» **EXERCISE INPUTS**:
%%
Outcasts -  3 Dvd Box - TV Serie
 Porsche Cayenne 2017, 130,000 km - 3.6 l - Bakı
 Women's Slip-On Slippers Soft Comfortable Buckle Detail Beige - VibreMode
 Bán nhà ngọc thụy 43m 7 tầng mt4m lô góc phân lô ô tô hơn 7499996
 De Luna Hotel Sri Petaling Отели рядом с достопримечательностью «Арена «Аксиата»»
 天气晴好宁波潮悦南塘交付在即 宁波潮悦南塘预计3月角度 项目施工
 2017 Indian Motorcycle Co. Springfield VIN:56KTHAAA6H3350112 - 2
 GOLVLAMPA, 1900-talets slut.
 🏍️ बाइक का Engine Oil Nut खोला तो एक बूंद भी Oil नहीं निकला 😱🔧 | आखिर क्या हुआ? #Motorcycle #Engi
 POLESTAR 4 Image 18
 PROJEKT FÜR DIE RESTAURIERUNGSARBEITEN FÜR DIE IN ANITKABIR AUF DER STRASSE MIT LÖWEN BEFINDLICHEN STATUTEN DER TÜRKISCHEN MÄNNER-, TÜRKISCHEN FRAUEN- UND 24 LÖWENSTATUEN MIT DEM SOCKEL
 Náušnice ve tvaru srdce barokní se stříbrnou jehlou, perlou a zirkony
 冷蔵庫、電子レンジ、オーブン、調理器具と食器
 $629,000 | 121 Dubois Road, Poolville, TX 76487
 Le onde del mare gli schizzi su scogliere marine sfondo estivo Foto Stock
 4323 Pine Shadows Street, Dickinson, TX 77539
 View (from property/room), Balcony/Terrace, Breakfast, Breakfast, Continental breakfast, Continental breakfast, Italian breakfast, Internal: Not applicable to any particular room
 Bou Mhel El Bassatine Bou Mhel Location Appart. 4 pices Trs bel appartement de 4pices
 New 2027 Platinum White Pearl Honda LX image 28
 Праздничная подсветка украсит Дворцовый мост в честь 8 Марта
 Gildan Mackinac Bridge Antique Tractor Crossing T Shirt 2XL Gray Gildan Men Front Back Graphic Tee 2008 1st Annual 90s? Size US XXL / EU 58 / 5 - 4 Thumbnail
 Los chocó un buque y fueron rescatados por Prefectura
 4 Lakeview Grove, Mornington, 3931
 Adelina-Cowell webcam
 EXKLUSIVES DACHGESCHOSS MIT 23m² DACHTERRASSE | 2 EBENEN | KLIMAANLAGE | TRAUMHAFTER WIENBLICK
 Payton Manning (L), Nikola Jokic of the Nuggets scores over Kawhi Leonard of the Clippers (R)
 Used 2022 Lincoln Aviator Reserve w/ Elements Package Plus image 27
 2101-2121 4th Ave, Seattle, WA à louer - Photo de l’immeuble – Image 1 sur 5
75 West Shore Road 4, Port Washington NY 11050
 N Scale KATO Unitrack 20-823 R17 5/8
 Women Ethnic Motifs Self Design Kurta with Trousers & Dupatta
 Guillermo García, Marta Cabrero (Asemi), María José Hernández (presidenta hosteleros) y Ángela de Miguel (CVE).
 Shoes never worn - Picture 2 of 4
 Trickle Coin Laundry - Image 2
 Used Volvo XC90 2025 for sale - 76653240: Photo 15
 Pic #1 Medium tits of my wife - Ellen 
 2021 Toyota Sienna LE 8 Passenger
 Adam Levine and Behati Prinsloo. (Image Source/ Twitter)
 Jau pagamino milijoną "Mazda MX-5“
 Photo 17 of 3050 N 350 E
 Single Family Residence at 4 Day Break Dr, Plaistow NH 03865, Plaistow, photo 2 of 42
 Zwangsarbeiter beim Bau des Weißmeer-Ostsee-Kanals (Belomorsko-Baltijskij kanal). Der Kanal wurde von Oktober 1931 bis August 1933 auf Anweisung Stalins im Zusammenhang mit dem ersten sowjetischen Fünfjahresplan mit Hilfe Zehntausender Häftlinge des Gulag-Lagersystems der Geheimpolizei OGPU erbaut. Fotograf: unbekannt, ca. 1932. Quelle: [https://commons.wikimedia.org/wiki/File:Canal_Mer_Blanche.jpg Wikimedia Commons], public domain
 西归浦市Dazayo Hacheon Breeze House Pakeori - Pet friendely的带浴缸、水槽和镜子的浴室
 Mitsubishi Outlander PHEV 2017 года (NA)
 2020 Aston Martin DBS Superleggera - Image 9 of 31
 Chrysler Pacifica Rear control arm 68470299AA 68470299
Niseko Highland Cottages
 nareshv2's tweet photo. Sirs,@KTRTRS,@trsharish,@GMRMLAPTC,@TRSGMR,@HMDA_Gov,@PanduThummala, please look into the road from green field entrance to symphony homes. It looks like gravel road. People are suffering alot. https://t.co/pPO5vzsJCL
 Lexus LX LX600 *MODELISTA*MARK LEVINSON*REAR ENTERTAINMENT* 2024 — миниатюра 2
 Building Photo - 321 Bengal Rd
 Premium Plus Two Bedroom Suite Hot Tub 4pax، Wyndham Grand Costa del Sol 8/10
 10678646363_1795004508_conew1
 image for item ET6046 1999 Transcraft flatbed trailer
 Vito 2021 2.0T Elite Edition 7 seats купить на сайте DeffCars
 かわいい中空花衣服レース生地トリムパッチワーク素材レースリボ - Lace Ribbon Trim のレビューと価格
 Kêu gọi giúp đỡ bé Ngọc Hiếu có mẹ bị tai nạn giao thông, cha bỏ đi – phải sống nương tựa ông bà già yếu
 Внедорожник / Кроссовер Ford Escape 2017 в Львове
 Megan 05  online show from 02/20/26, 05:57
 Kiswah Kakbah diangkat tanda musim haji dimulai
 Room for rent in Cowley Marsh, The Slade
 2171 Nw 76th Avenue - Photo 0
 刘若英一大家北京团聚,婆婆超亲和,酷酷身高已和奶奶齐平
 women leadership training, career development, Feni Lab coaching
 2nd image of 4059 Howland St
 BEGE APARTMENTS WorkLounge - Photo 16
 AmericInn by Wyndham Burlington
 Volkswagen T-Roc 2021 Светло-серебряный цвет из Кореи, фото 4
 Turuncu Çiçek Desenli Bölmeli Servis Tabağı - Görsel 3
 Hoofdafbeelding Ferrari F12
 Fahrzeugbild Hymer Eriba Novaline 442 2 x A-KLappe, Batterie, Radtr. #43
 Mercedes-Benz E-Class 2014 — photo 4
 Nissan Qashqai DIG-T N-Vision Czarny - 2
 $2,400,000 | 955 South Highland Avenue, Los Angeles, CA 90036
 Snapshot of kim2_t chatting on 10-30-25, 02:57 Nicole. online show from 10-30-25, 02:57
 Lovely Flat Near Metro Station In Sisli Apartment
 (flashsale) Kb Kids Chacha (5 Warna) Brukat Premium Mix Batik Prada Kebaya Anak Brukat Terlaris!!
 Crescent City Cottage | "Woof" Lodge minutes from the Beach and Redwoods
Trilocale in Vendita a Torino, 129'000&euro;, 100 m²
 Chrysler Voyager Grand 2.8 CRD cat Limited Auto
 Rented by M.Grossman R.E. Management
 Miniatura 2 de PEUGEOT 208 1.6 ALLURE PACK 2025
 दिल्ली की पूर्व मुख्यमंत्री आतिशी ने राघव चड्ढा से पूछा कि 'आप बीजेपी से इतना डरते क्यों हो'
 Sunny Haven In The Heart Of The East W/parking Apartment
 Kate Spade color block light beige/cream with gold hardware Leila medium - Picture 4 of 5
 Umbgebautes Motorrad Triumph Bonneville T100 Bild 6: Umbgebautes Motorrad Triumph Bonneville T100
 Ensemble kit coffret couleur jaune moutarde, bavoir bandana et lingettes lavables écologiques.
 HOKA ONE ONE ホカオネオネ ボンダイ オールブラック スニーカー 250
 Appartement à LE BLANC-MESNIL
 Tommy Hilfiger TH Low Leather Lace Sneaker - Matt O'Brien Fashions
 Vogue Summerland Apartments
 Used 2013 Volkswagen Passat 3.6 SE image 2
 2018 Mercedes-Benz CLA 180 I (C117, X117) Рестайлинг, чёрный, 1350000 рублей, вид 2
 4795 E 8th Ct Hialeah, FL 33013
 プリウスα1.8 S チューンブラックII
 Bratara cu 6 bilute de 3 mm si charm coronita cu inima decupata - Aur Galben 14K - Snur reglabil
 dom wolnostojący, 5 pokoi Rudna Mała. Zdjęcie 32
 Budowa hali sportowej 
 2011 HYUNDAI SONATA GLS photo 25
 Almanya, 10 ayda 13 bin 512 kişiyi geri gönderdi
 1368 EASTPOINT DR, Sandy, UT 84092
%%
» **THE PROBLEM**: Begin at the first line of the records above and restate each line word for word, stopping after the line with "हुआ? #Motorcycle #Engi".

» **FINISHED TASK**:
Outcasts -  3 Dvd Box - TV Serie
 Porsche Cayenne 2017, 130,000 km - 3.6 l - Bakı
 Women's Slip-On Slippers Soft Comfortable Buckle Detail Beige - VibreMode
 Bán nhà ngọc thụy 43m 7 tầng mt4m lô góc phân lô ô tô hơn 7499996
 De Luna Hotel Sri Petaling Отели рядом с достопримечательностью «Арена «Аксиата»»
 天气晴好宁波潮悦南塘交付在即 宁波潮悦南塘预计3月角度 项目施工
 2017 Indian Motorcycle Co. Springfield VIN:56KTHAAA6H3350112 - 2
 GOLVLAMPA, 1900-talets slut.
 🏍️ बाइक का Engine Oil Nut खोला तो एक बूंद भी Oil नहीं निकला 😱🔧 | आखिर क्या हुआ? #Motorcycle #Engi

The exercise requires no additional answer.